How do you deal with m..n relationships in a relational database?
Let's look at an example - books. A book can have 1..n authors. An author can have 1..m books. What is a good way to represent all of the authors of a book?
I came up with an idea to create a Books table and an Authors table. The Authors table has a primary AuthorID key the author's name. The Books table has a primary Book ID and metadata about the book (title, publication date, so on). However, there needs to be a way to link the books to authors and authors to books. And this is where the problem is.
Let's say we have three books by Bob. However, on one book, he wrote it as Bob, PhD. Another he wrote as Dr. Bob, and a third he wrote as Dr. Robert. I want to be able to identify the fact that these authors are, in reality, the same person but credited under different names. I also want to distinguish Bob from another Bob who wrote different books.
Now let's also add in another part to an application, a Person table that keeps track of interesting people. And let's say that Bob is an interesting person. I want to not only say that the author of all three books is Bob, but that this interesting Bob is the same Bob as the author Bob.
So what strategies exist for such potentially complicated mapping, while ensuring that the book authors are identified by the name on the cover?

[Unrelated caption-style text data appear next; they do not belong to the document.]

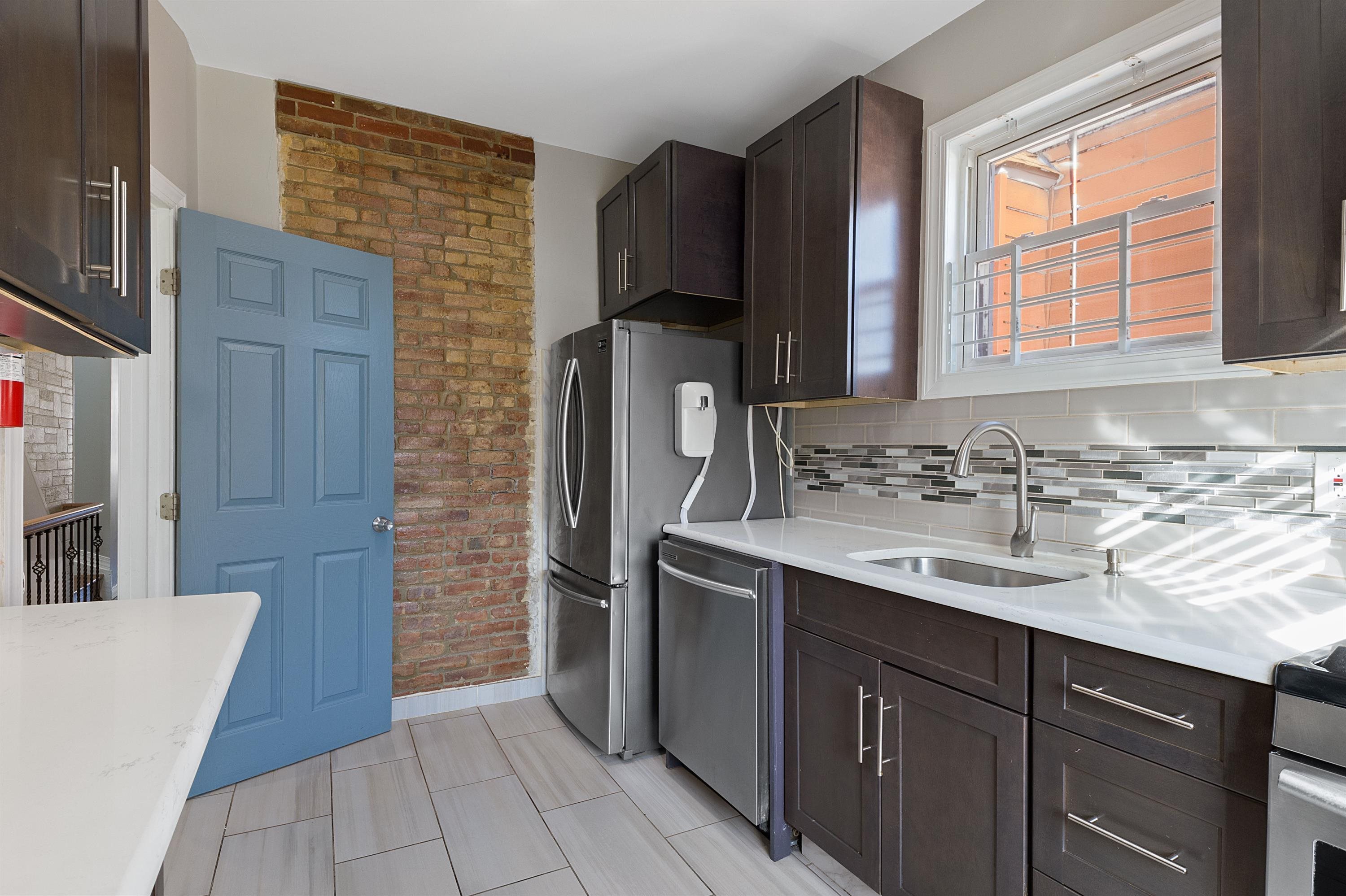 21 HOWARD PL Unit: 2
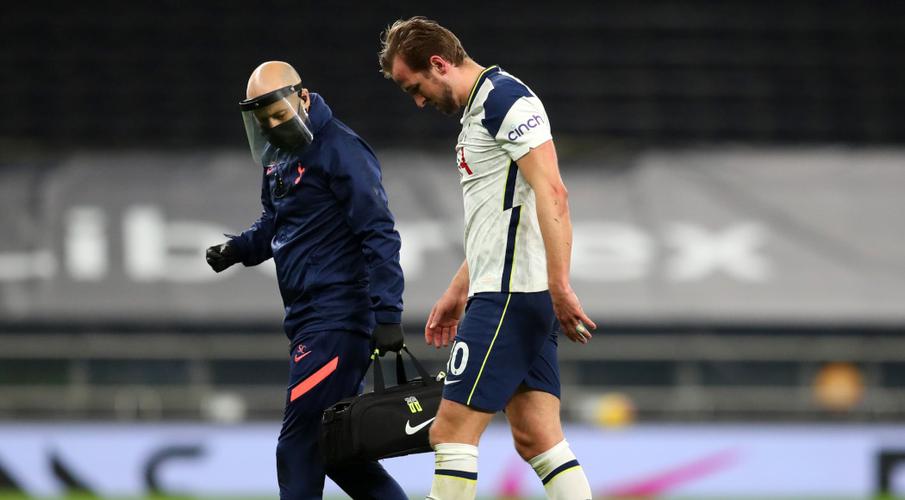 Kane chấn thương khiến HLV Mourinho của Spurs đau đầu Harry-Kane-210128-GoesOut-G-1050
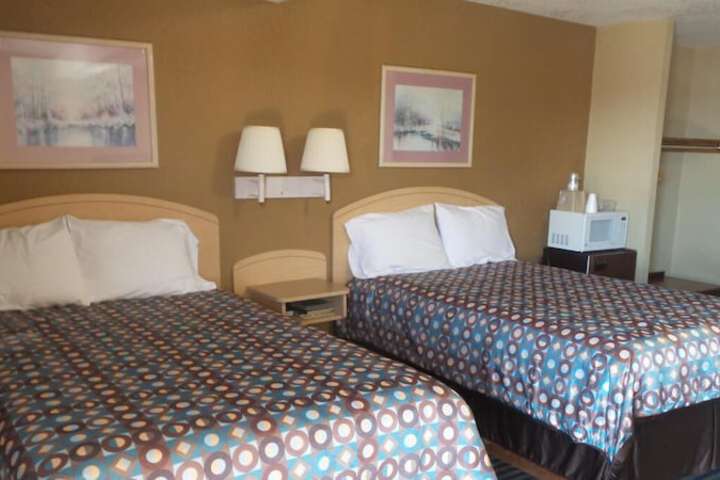 Room 16 of 31
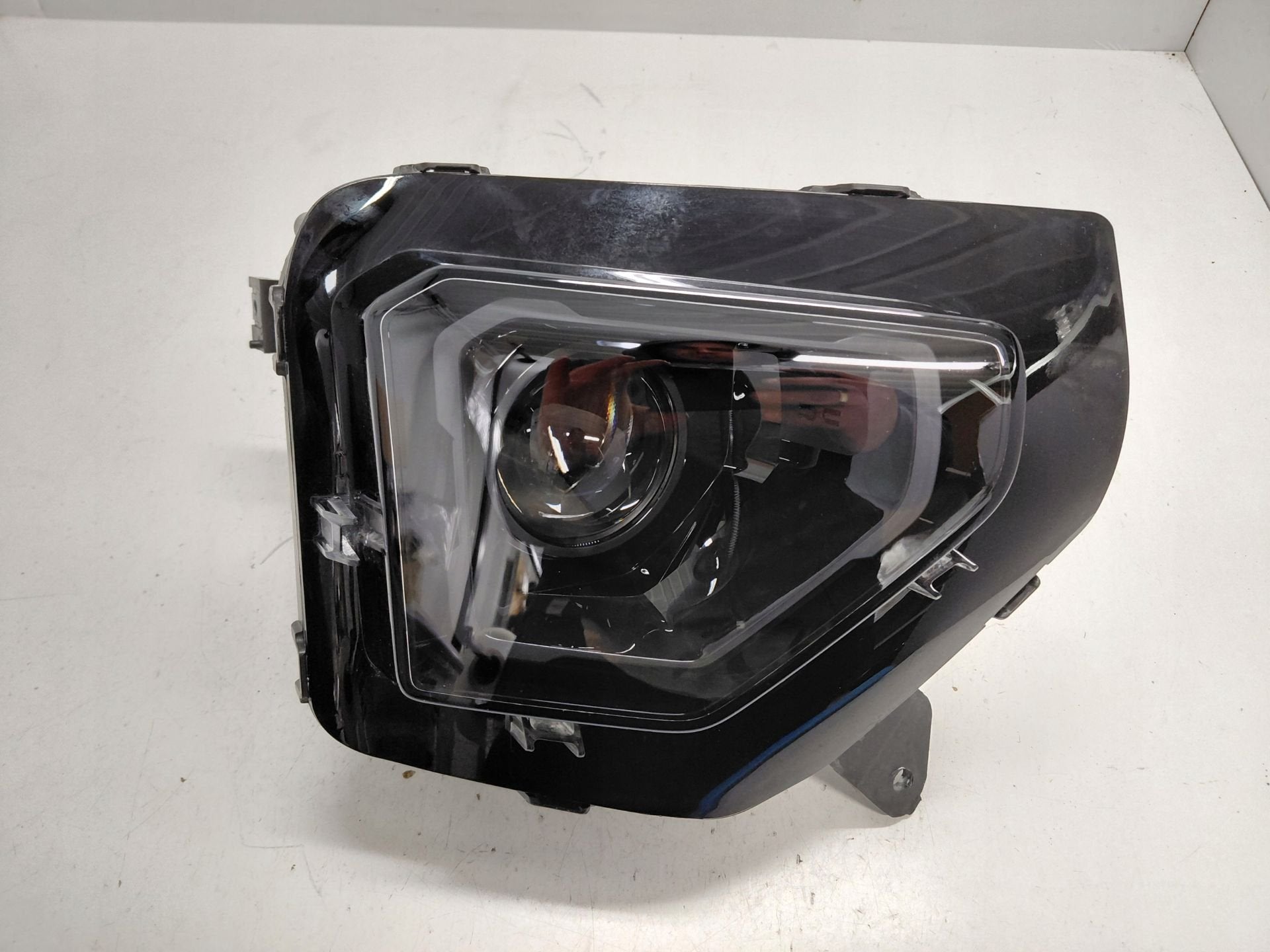 Ressort Dacia Koplamp droit 260103998R, Dacia, Automobile-Dacia SA, Dacia.contact@daciagroup.com, Utilisé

Add another table called BookAuthors with columns for BookID, AuthorID, and NameUsed. A NULL value for NameUsed would mean to pull it from the Author's table instead. This is called an Intersection table.
You'd need three tables -
Book would contain book id, book title, and all the other information you need to collect about the book.

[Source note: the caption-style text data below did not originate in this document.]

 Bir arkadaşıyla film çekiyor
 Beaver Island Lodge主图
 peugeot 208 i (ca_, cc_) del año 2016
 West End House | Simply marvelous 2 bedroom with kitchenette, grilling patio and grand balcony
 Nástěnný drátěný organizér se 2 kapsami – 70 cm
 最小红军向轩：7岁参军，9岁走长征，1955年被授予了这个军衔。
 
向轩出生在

Author would contain author ID as well as other information such as First name, last name that you need to collect about any given author.

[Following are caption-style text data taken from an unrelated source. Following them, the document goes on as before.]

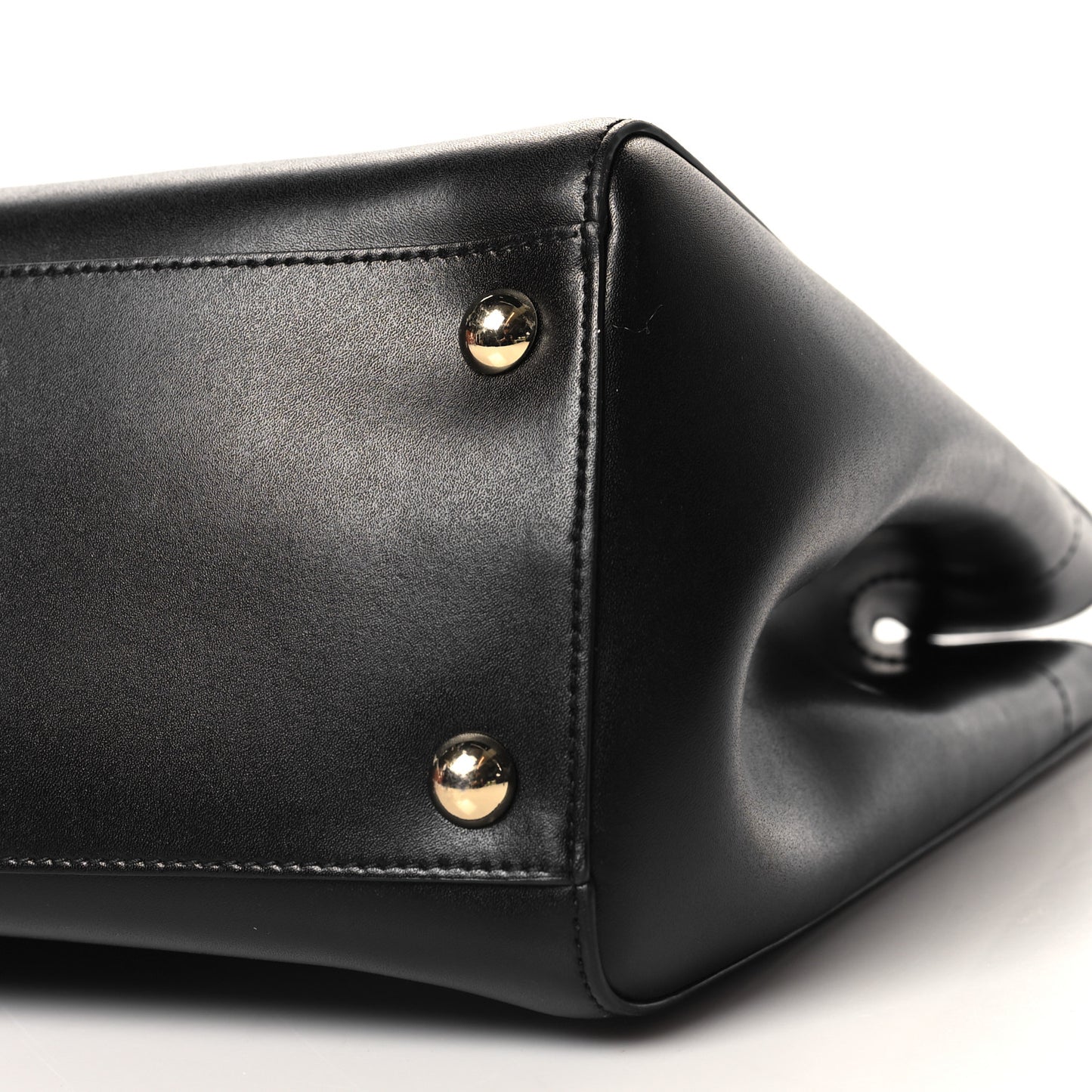 Hammered Calfskin Vara Bow Chain Black Black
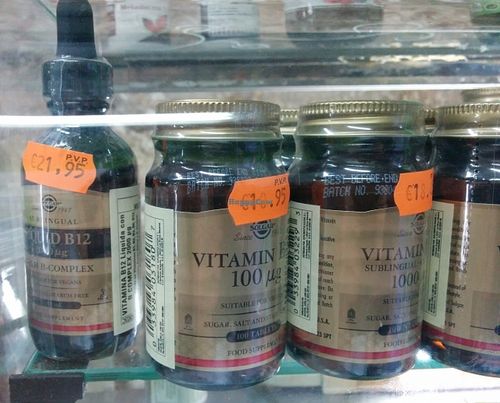 B12 supplements at Veganoteca in Barcelona
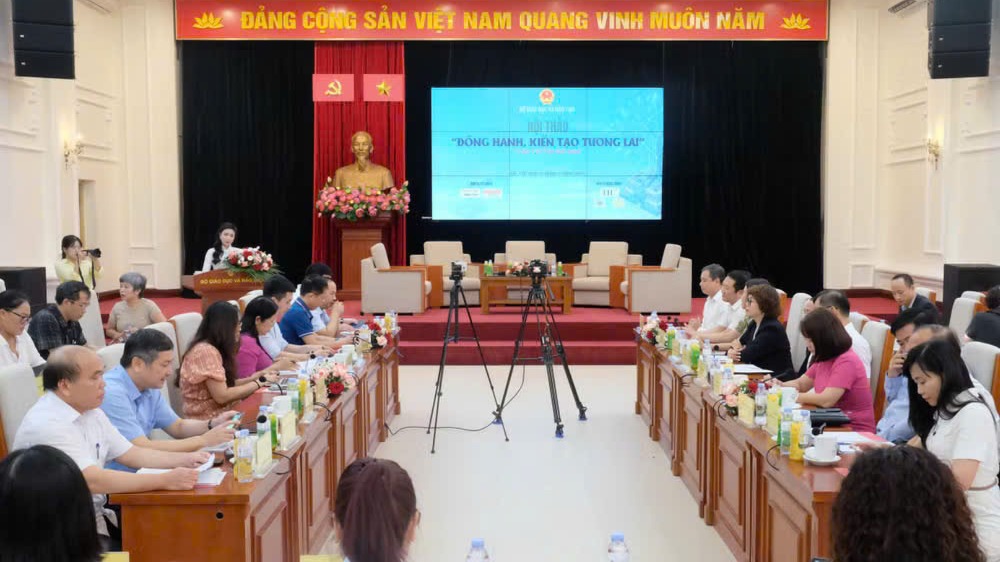 Đồng hành, kiến tạo tương lai: Vì một Việt Nam khỏe mạnh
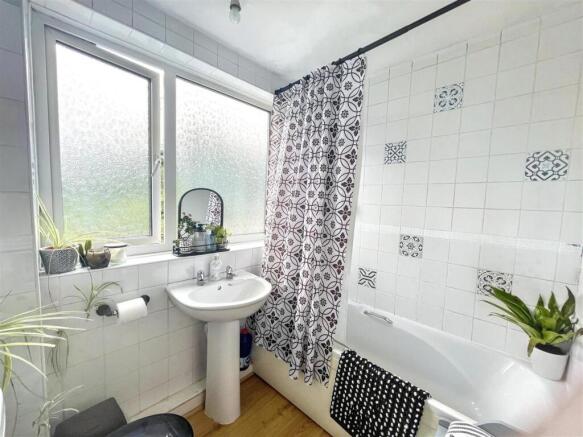 2 bed Terraced for sale Image 12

BookAuthors would be a many-to-many join, containing BookID, AuthorID, and NameUsed. This would allow the book to have either zero or many authors, for an author to have either zero or many books, and for information about that relationship to be captured. You could also, for example, have a column on the BookAuthor table that described the author's relationship to the book ("Edited By", "Fore word by").
I think you're pretty much there. You need a Books table, an Authors table, and then a "authors_of_books" table with the primary key of the book, the primary key of the author, and a "cited as" text field showing how that particular author was cited on that book.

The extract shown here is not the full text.